In other words, no one wants to be another cog in the wheel.

Don’t Burn Your Bridges

Giving the boss the double birds as you slam the door on the way out may be a dream come true, but it may not be the most productive – or professional. Instead, leave the “take this job and shove it” approach to Johnny Paycheck.

A good rapport with a former employer can mean positive references in future job searches. That company may also be interested in keeping you as well, offering more money or even bringing you back for a better and more rewarding job.

Be honest and forthcoming with your boss when telling them you’ll be moving on. Express some appreciation for the opportunity and offer to stay for a couple of weeks to ease the transition. Any rational person would appreciate some straight shooting. And if you’ve been a good employee, the old boss should be happy for you.

Make things even smoother by offering to help new employees learn your duties. Even offer to assist in the new employee search. As the old saying goes, “kill ’em with kindness.” You may be quitting that job, but going out with some mutual respect is excellent for everyone involved.

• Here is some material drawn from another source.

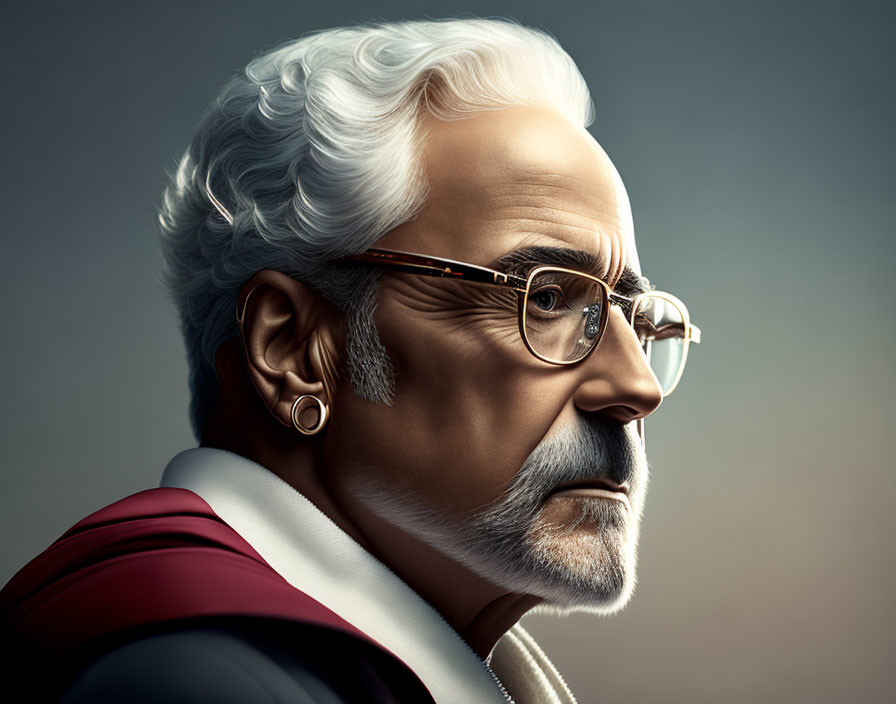 Stylized portrait of older man with white hair, beard, glasses, earring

However, those in more toxic environments may need to make a different type of exit. Vindictiveness and pettiness shouldn’t be tolerated. In this situation, a quicker exit may be required – but still minus the double birds.

Have Another Job Lined Up

Heading off to greener pastures actually requires some greener pastures. Everyone has bills, and that mortgage isn’t going to pay itself. American credit card debt rose 15% in the third quarter from the same time in 2021. That’s the highest since the 1980s, and Americans now have total credit card debt of $930 billion, coming up just short of a record, according to the Federal Reserve Bank of New York.

Don’t be a statistic in that search for a new job. Instead, have that next step in your employment history already locked in. This means a smaller gap, and maybe no gap, in income.

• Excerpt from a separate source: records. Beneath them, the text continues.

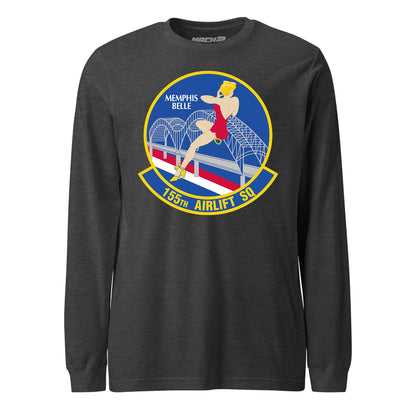 Mach2 Squadron Upload | 155TH AIRLIFT SQUADRON | Long Sleeve | Charcoal Heather | MACH-LONG-SLEEVE-FRONT-CHARCOAL.jpg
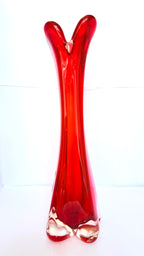 Vază din Sticlă Murano Roșie – Ø10 × 31 cm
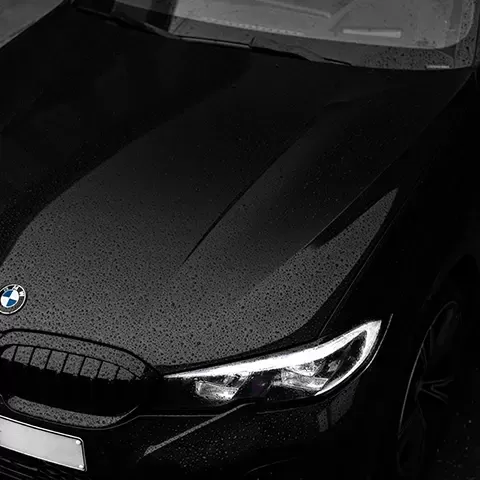 Close up image of BMW car bonnet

Also, tell that new boss that you’re going to give your current company a couple of weeks’ notice so that Widgets Inc. can transition to a new person filling your role. Tell the new boss that you’d have that same respect and helpful attitude with them.

Any company that doesn’t understand that may not be a great environment. Find that job that offers some real motivation and is in an industry you love and are passionate about. A great management team is also a major plus, so ask questions about the atmosphere and expectations at the new place.

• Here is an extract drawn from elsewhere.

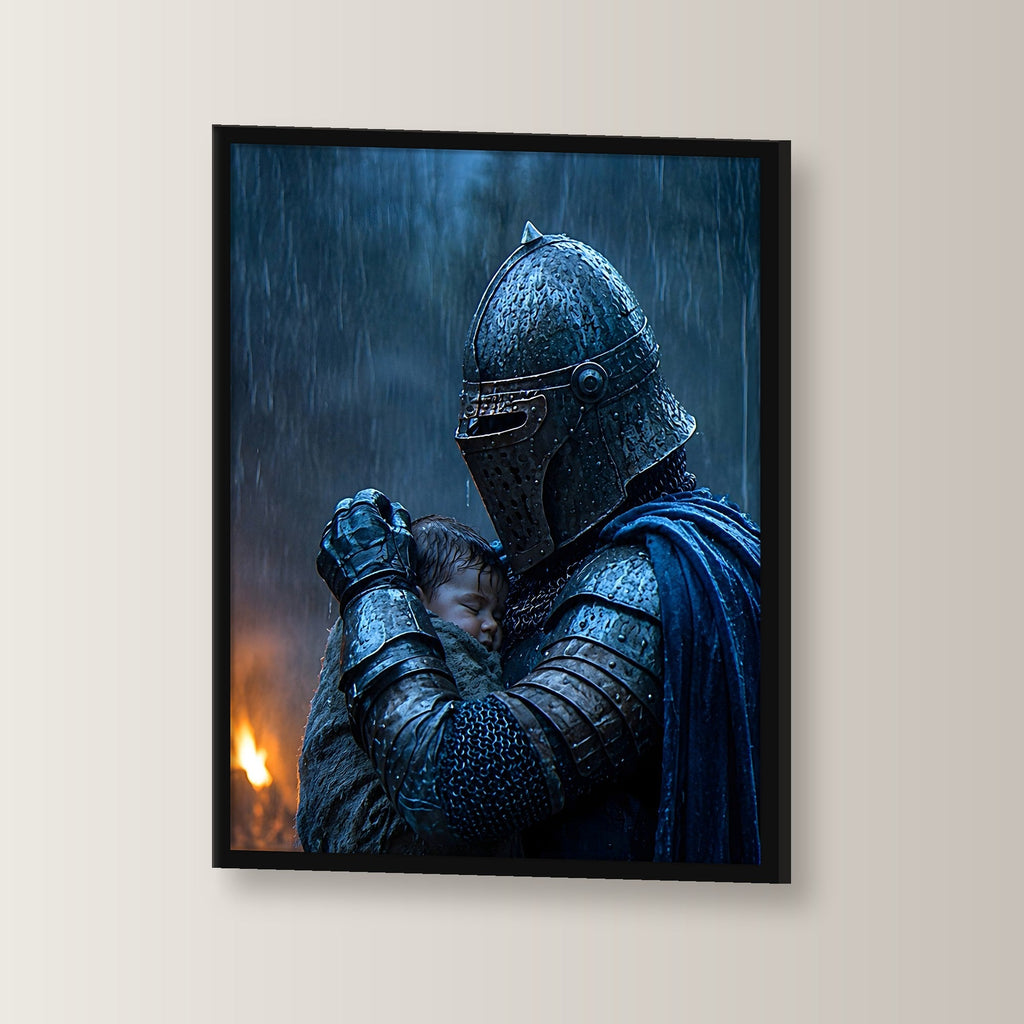 Dark-Fantasy Poster gerahmt im schwarzen Holzrahmen, leicht gedreht an der Wand fotografiert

A job where employees watch the clock all day for 5 o’clock may not be super motivating. Don’t be like the Office Space Initech team.

If Starting A Business, Get Started Early

Estimates put the number of small businesses in the U.S. at about 33 million. Many Americans dream of ditching the cubicle scene and getting their hands dirty with great American capitalism. But leaving without a plan in place can leave a new business owner high and dry should things not pan out right away.

It’s not wise to jump for a boat that’s too far away from the dock. Instead, form that business plan and get started earlier with that new idea. Use nights and weekends to get your new endeavor off the ground, and having some extra savings also helps. Going from a nice well-paying job to zero income can be a recipe for disaster.

Instead, get that boat closer to the dock before jumping aboard and choosing to quit your job. When your new business is making some money, and that side income is getting closer to the day job salary, that’s a better time to make the leap.

When it comes to quitting that regular job and venturing out on your own, the Boy Scout motto of “being prepared” can literally pay big dividends.

“Some business owners dive in headfirst without looking and make things up as they go along,” Forbes notes. “The best way to accomplish any business or personal goal is to write out every possible step to achieve it. Then, order those steps by what needs to happen first. Some steps may take minutes, while others take a long time. The point is always to take the next step.”

One of those steps is leaving your own version of Dunder Mifflin behind.